Categories
javascript python python-2.x web-scraping

Web-scraping JavaScript page with Python

252

I’m trying to develop a simple web scraper. I want to extract text without the HTML code. It works on plain HTML, but not in some pages where JavaScript code adds text.

For example, if some JavaScript code adds some text, I can’t see it, because when I call:

response = urllib2.urlopen(request)

I get the original text without the added one (because JavaScript is executed in the client).

So, I’m looking for some ideas to solve this problem.

3

110

+25

We are not getting the correct results because any javascript generated content needs to be rendered on the DOM. When we fetch an HTML page, we fetch the initial, unmodified by javascript, DOM.

Therefore we need to render the javascript content before we crawl the page.

As selenium is already mentioned many times in this thread (and how slow it gets sometimes was mentioned also), I will list two other possible solutions.


Solution 1: This is a very nice tutorial on how to use Scrapy to crawl javascript generated content and we are going to follow just that.

What we will need:

  1. Docker installed in our machine. This is a plus over other solutions until this point, as it utilizes an OS-independent platform.

  2. Install Splash following the instruction listed for our corresponding OS.
    Quoting from splash documentation:

    Splash is a javascript rendering service.
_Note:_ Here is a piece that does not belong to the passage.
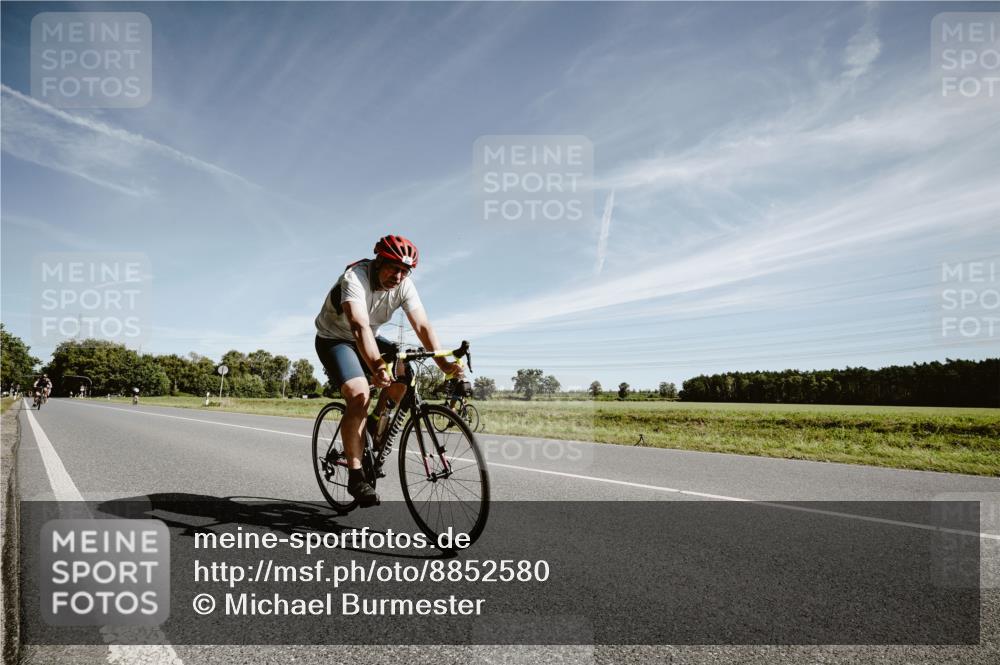 07.09.2025 - 19. Norderstedt Triathlon Michael Burmester http://msf.ph/oto/8852580 07.09.2025 11:36:39 Radfahren 826, 849 meine-sportfotos.de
It’s a lightweight web browser with an HTTP API, implemented in Python 3 using Twisted and QT5.

    Essentially we are going to use Splash to render Javascript generated content.

  3. Run the splash server: sudo docker run -p 8050:8050 scrapinghub/splash.

  4. Install the scrapy-splash plugin: pip install scrapy-splash

  5. Assuming that we already have a Scrapy project created (if not, let’s make one), we will follow the guide and update the settings.py:

    Then go to your scrapy project’s settings.py and set these middlewares:

    DOWNLOADER_MIDDLEWARES = {
          'scrapy_splash.SplashCookiesMiddleware': 723,
          'scrapy_splash.SplashMiddleware': 725,
          'scrapy.downloadermiddlewares.httpcompression.HttpCompressionMiddleware': 810,
    }
    

    The URL of the Splash server(if you’re using Win or OSX this should be the URL of the docker machine: How to get a Docker container’s IP address from the host?):

    SPLASH_URL = 'http://localhost:8050'
    

    And finally you need to set these values too:

    DUPEFILTER_CLASS = 'scrapy_splash.SplashAwareDupeFilter'
    HTTPCACHE_STORAGE = 'scrapy_splash.SplashAwareFSCacheStorage'
    
  6. Finally, we can use a SplashRequest:

    In a normal spider you have Request objects which you can use to open URLs. If the page you want to open contains JS generated data you have to use SplashRequest(or SplashFormRequest) to render the page. Here’s a simple example:

    class MySpider(scrapy.Spider):
        name = "jsscraper"
        start_urls = ["http://quotes.toscrape.com/js/"]
    
        def start_requests(self):
            for url in self.start_urls:
            yield SplashRequest(
                url=url, callback=self.parse, endpoint="render.html"
            )
    
        def parse(self, response):
            for q in response.css("div.quote"):
            quote = QuoteItem()
            quote["author"] = q.css(".author::text").extract_first()
            quote["quote"] = q.css(".text::text").extract_first()
            yield quote
    

    SplashRequest renders the URL as html and returns the response which you can use in the callback(parse) method.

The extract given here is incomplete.